### [WORK REQUIRED]
Only the lines from the beginning of the data below through the line that contains "LTE-1101J warning light" should be repeated, exactly as written.

--- SOURCE DATA Enclosed Below ---

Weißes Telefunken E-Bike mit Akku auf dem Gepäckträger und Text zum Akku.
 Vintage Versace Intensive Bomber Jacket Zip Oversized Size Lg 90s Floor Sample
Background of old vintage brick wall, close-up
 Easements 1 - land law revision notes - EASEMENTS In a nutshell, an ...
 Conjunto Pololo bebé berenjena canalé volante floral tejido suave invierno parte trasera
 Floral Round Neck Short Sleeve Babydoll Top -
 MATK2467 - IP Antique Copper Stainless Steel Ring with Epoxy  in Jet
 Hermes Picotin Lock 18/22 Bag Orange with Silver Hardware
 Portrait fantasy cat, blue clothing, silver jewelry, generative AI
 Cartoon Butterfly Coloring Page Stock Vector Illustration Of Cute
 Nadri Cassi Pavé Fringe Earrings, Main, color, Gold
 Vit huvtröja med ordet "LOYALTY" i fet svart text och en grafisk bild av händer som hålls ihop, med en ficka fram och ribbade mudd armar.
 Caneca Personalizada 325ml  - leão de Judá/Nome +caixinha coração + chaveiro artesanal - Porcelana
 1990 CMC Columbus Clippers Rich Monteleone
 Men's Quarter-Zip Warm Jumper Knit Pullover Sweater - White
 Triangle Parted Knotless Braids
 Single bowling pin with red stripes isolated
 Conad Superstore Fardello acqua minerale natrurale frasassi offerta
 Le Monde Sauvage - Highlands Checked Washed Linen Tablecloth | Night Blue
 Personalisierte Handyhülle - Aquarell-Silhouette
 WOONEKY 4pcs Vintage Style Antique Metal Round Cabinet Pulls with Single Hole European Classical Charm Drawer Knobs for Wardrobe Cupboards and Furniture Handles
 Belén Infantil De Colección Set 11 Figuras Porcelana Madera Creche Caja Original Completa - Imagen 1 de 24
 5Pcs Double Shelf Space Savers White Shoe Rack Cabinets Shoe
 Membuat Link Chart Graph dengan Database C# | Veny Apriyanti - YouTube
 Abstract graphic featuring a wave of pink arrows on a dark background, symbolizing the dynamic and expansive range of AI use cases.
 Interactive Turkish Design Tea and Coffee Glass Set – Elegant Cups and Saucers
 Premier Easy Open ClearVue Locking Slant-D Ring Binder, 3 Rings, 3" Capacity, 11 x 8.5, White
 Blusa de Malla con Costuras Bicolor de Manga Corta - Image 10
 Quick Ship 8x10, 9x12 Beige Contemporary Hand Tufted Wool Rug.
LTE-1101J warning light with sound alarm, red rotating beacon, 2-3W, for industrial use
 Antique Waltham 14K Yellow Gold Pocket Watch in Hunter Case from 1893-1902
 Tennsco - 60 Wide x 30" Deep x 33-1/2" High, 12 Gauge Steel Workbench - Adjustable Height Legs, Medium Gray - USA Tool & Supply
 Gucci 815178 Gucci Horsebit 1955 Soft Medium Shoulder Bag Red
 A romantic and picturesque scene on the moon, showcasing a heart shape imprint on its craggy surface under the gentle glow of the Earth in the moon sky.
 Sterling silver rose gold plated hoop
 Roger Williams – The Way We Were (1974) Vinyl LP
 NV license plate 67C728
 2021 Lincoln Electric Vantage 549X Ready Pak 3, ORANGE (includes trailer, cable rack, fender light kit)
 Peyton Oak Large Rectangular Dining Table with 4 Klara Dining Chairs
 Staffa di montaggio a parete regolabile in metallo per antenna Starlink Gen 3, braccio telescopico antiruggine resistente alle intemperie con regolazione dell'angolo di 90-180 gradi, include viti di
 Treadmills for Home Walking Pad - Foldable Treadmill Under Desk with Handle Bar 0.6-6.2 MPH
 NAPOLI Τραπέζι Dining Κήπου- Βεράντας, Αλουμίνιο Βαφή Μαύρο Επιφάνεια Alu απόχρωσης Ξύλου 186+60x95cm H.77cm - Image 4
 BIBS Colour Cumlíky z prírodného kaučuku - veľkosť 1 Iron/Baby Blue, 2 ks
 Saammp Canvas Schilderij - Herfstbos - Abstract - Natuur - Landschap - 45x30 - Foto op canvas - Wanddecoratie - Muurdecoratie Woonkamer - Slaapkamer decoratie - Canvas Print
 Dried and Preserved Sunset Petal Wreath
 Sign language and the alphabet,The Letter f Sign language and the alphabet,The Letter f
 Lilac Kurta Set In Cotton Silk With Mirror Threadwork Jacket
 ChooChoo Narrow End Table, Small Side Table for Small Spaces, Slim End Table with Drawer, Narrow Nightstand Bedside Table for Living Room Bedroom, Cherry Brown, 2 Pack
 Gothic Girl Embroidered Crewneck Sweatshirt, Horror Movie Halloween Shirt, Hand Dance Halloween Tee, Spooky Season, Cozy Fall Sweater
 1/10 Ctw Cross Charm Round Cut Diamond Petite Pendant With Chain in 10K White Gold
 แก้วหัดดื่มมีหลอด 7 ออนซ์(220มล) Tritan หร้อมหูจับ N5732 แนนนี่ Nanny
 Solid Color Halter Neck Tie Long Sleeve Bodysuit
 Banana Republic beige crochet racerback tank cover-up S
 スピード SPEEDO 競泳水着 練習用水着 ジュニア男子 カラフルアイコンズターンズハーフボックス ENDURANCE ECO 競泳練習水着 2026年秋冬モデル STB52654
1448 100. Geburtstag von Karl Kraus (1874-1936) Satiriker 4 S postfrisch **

--- End of Enclosed SOURCE DATA ---

### [RESULT BELOW]
Weißes Telefunken E-Bike mit Akku auf dem Gepäckträger und Text zum Akku.
 Vintage Versace Intensive Bomber Jacket Zip Oversized Size Lg 90s Floor Sample
Background of old vintage brick wall, close-up
 Easements 1 - land law revision notes - EASEMENTS In a nutshell, an ...
 Conjunto Pololo bebé berenjena canalé volante floral tejido suave invierno parte trasera
 Floral Round Neck Short Sleeve Babydoll Top -
 MATK2467 - IP Antique Copper Stainless Steel Ring with Epoxy  in Jet
 Hermes Picotin Lock 18/22 Bag Orange with Silver Hardware
 Portrait fantasy cat, blue clothing, silver jewelry, generative AI
 Cartoon Butterfly Coloring Page Stock Vector Illustration Of Cute
 Nadri Cassi Pavé Fringe Earrings, Main, color, Gold
 Vit huvtröja med ordet "LOYALTY" i fet svart text och en grafisk bild av händer som hålls ihop, med en ficka fram och ribbade mudd armar.
 Caneca Personalizada 325ml  - leão de Judá/Nome +caixinha coração + chaveiro artesanal - Porcelana
 1990 CMC Columbus Clippers Rich Monteleone
 Men's Quarter-Zip Warm Jumper Knit Pullover Sweater - White
 Triangle Parted Knotless Braids
 Single bowling pin with red stripes isolated
 Conad Superstore Fardello acqua minerale natrurale frasassi offerta
 Le Monde Sauvage - Highlands Checked Washed Linen Tablecloth | Night Blue
 Personalisierte Handyhülle - Aquarell-Silhouette
 WOONEKY 4pcs Vintage Style Antique Metal Round Cabinet Pulls with Single Hole European Classical Charm Drawer Knobs for Wardrobe Cupboards and Furniture Handles
 Belén Infantil De Colección Set 11 Figuras Porcelana Madera Creche Caja Original Completa - Imagen 1 de 24
 5Pcs Double Shelf Space Savers White Shoe Rack Cabinets Shoe
 Membuat Link Chart Graph dengan Database C# | Veny Apriyanti - YouTube
 Abstract graphic featuring a wave of pink arrows on a dark background, symbolizing the dynamic and expansive range of AI use cases.
 Interactive Turkish Design Tea and Coffee Glass Set – Elegant Cups and Saucers
 Premier Easy Open ClearVue Locking Slant-D Ring Binder, 3 Rings, 3" Capacity, 11 x 8.5, White
 Blusa de Malla con Costuras Bicolor de Manga Corta - Image 10
 Quick Ship 8x10, 9x12 Beige Contemporary Hand Tufted Wool Rug.
LTE-1101J warning light with sound alarm, red rotating beacon, 2-3W, for industrial use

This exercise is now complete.